Simak! 7 Poin Penting Bos DJP Bicara Perbaikan Pajak RI

4 hours ago 3

Jakarta, CNBC Indonesia - Direktur Jenderal Pajak Kementerian Keuangan Bimo Wijayanto blak-blakan soal upayanya dalam membenahi profesionalitas serta layanan para fiskus pajak, mencegah penggerusan potensi penerimaan pajak, hingga upaya mengejar target setoran pajak.

Dalam Program Tax Time CNBC Indonesia, Bimo mengatakan, seluruh strateginya telah ia ungkapkan kepada Presiden Prabowo Subianto saat ditunjuk sebagai Direktur Jenderal Pajak baru pada Mei 2025. Seluruh strategi yang ia jabarkan pun telah mendapat persetujuan dari Kepala Negara.

Salah satu strategi yang ia sampaikan langsung kepada Prabowo ialah terkait agenda strategis untuk memperkuat kemampuan internal fiskus pajak. Kebijakan ini terkait dengan penguatan deteksi dini seluruh potensi perpajakan, mulai dari transaksi lintas negara, hingga underground economy atau aktivitas ekonomi yang belum masuk ke sistem pencatatan pemerintah.

"Kemampuan internal ini untuk mendeteksi transaksi lintas negara, kemudian juga untuk mendeteksi underground ekonomi," ucap Bimo, Selasa (18/11/2025).

Oleh sebab itu, setelah resmi resmi dilantik sebagai bos DJP, ia mengaku langsung mengambil berbagai langkah strategis untuk memperkuat kemampuan internal itu, hingga membentuk mekanisme pencegahan serta penutupan celah-celah praktik penghindaran pajak.

"Bagaimana dari sisi pencegahannya kita tutup celah-celah praktik penghindaran pajak yang secara sistematis itu dilakukan secara masif oleh beberapa pelaku usaha," paparnya.

Berikut ini ulasan lengkap berbagai strategi Bimo dalam memperkuat penerimaan pajak Indonesia:

1. Pegang 'Senjata Ampuh' Lawan Pengemplang

Bimo mengungkapkan sejumlah instrumen yang kini telah dimiliki negara untuk menghadapi praktik pengemplang pajak meski mereka melarikan diri dan kekayaannya ke luar negeri.

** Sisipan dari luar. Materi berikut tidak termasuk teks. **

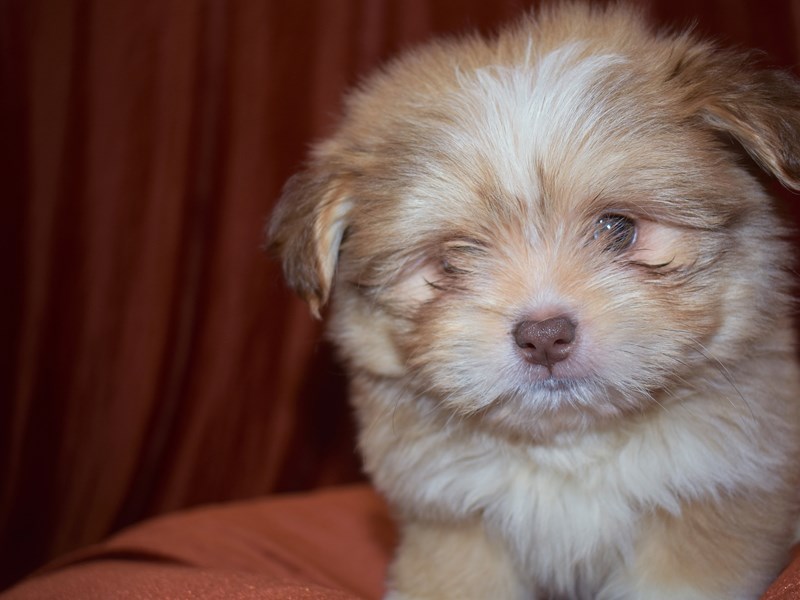 Shih-Pom-Male-sable-3663203-Petland Dunwoody Puppies For Sale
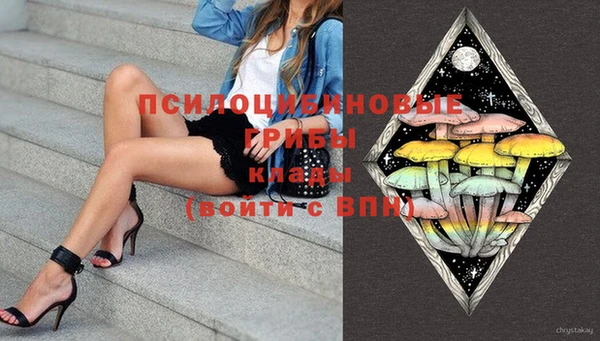 mdpv Горнозаводск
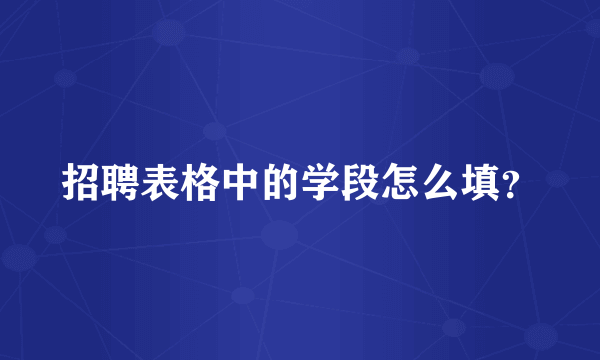 招聘表格中的学段怎么填？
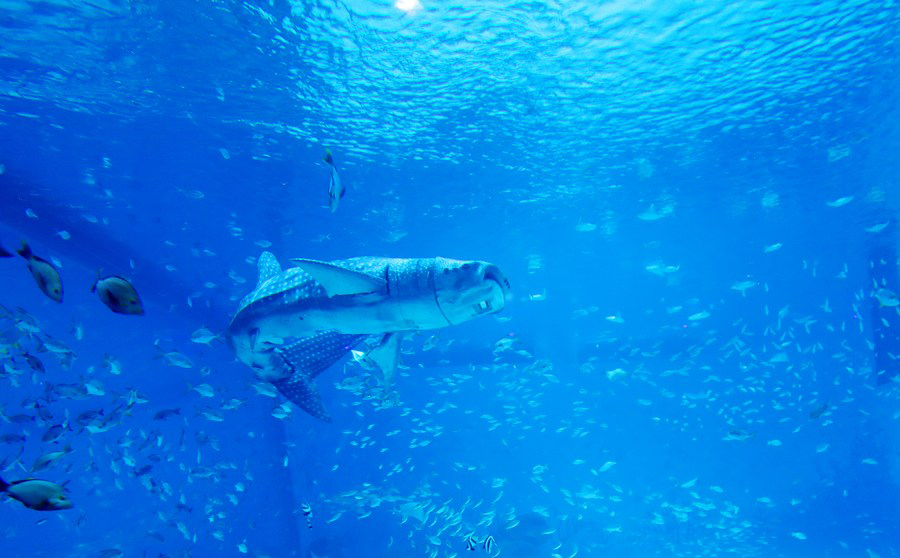 ฉลามวาฬชีวจักรกล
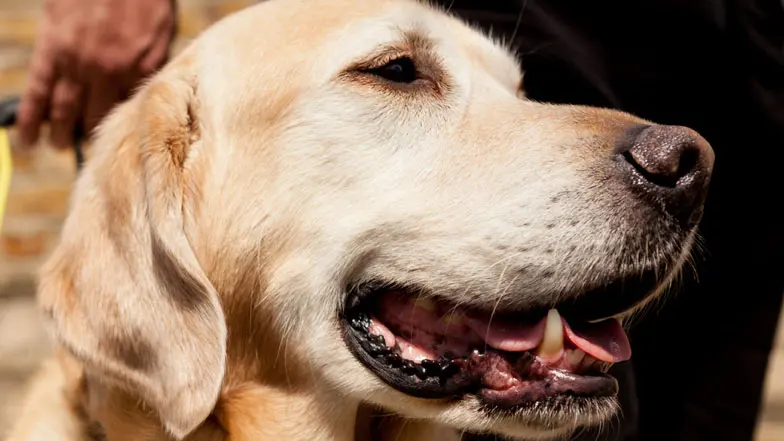 Close up of guide dogs face looking happy.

"Jadi kami melakukannya secara sistemik. Jadi kita juga mengintegrasikan sistem, mengintegrasikan data lintas institusi, kami mengkonsolidasikan informasi dari berbagai sumber, dari data ekspor bea cukai, kemudian dari data laporan keuangan wajib pajak," paparnya.

Kementerian Keuangan pun ia sebut sedang membangun Financial Reporting Single Window, yang bisa memperoleh data-data transaksi perbankan secara komplit.

Data ini sebagai pelengkap dari komitmen pemerintah dan instansi lain terkait pertukaran informasi secara otomatis alias Automatic Exchange of Information (AEOI), termasuk dengan negara lain.

"Kemudian setelah kami dapat data itu tentu kita akan melakukan rekonsiliasi, kemudian analisis yang berbasis risiko untuk mendeteksi outlier-outlier dari transaksi yang memang ada abnormalities. Di tengah perbedaan yang signifikan ini kami akan melihat antara kewajaran pelaporan wajib pajak dengan referensi pasar komoditas," tutur Bimo.

2. Bongkar Modus Eksportir Kelabui Pajak dan Rugikan Negara Rp 140 M

Operasi gabungan Kementerian Keuangan melalui Ditjen Bea Cukai dan Ditjen Pajak, bersama Satgassus Polri baru-baru ini menangkap 87 kontainer milik berbagai perusahaan yang mengelabui pajak.

Pelanggaran ini dilakukan oleh PT MMS di Pelabuhan Tanjung Priok. Diketahui, barang diberitahukan sebagai fatty matter - kategori yang tidak dikenakan bea keluar dan tidak termasuk larangan terbatas (lartas) ekspor. Ternyata, kontainer ini berisi CPO.

Bimo menuturkan kasus ini awalnya merupakan laporan dari Satgassus OPN di Polri. Ditjen Pajak (DJP), kata Bimo, tidak bisa bekerja sendiri dalam kasus ini. Ditjen Pajak juga mendapatkan informasi dari Kejaksaan Agung terkait dengan modus informasi ekspor fatty matter tersebut.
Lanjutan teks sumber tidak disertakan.